■ **The data**
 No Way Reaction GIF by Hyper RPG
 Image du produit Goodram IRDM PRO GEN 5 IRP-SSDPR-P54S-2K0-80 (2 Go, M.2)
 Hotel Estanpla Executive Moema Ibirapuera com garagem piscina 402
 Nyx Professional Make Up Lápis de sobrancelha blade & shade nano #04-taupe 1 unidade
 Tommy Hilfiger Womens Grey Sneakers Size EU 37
...
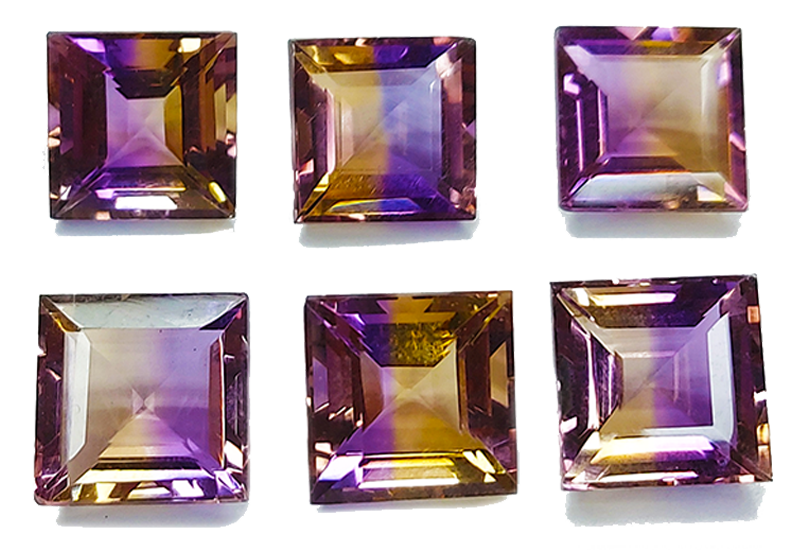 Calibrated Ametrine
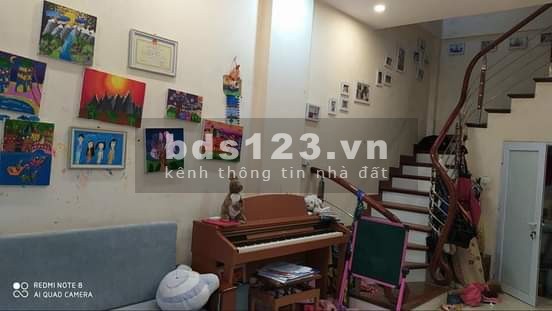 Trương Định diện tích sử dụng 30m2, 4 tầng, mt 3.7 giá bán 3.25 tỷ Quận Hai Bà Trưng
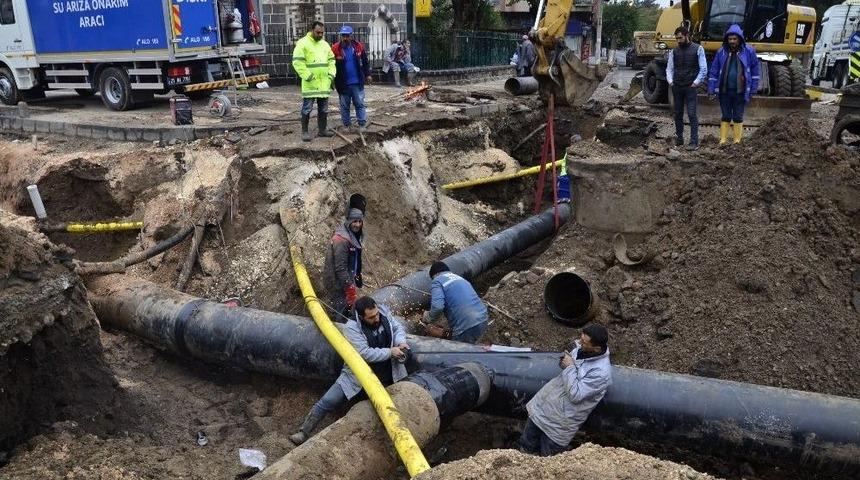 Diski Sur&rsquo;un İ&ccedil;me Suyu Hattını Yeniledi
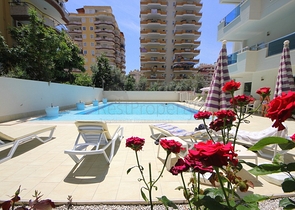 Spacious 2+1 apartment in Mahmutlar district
---
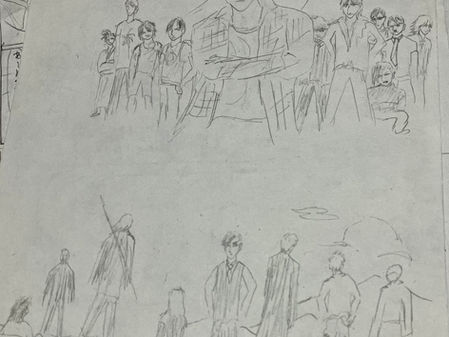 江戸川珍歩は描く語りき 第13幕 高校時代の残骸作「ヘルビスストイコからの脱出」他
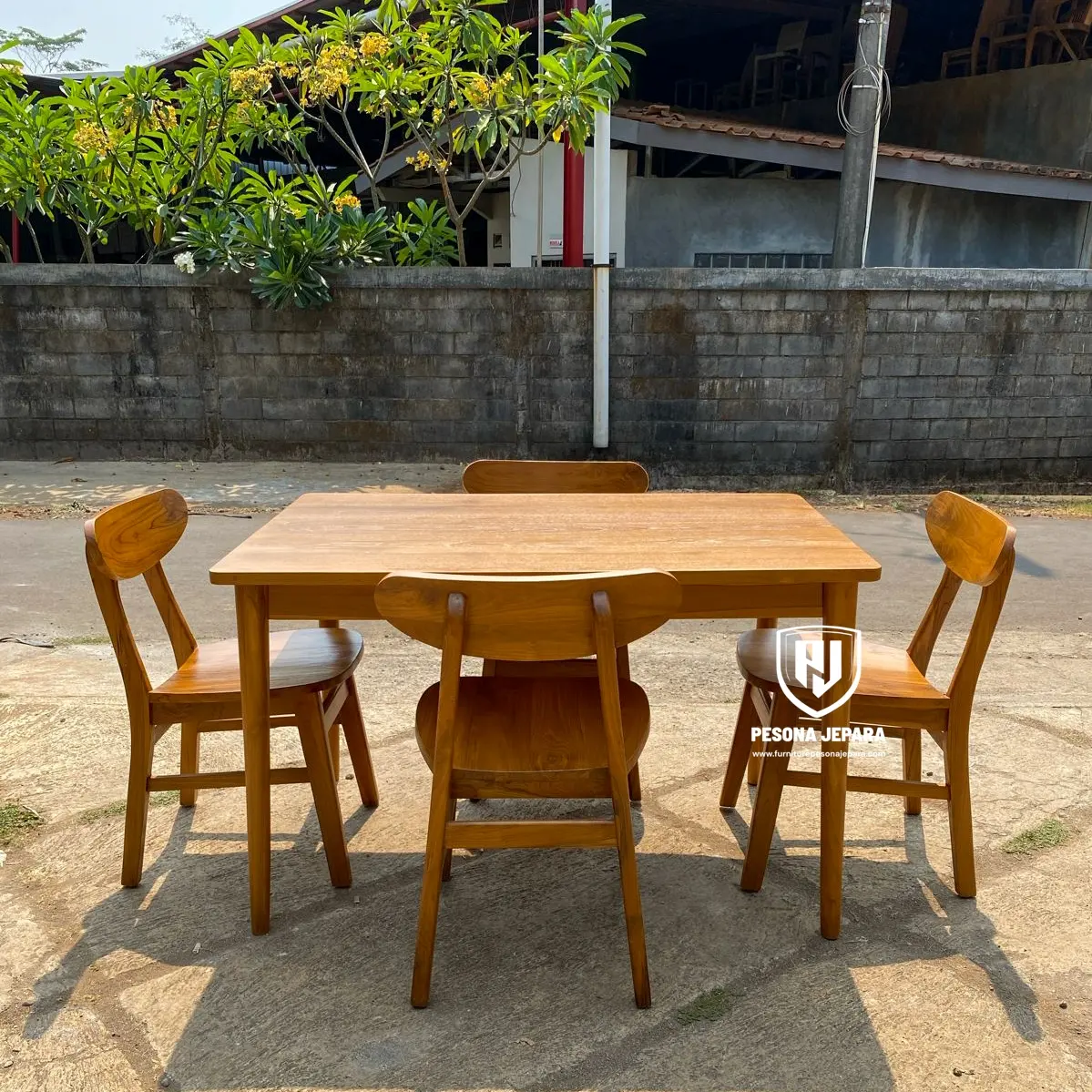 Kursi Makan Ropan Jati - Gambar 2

■ **What is required**
In the data above, find the line that contains "No Way Reaction GIF by Hyper RPG" and the line that contains "Tommy Hilfiger Womens". Repeat exactly those lines and every line between them, and only those.

■ **Answer to this task**
 No Way Reaction GIF by Hyper RPG
 Image du produit Goodram IRDM PRO GEN 5 IRP-SSDPR-P54S-2K0-80 (2 Go, M.2)
 Hotel Estanpla Executive Moema Ibirapuera com garagem piscina 402
 Nyx Professional Make Up Lápis de sobrancelha blade & shade nano #04-taupe 1 unidade
 Tommy Hilfiger Womens Grey Sneakers Size EU 37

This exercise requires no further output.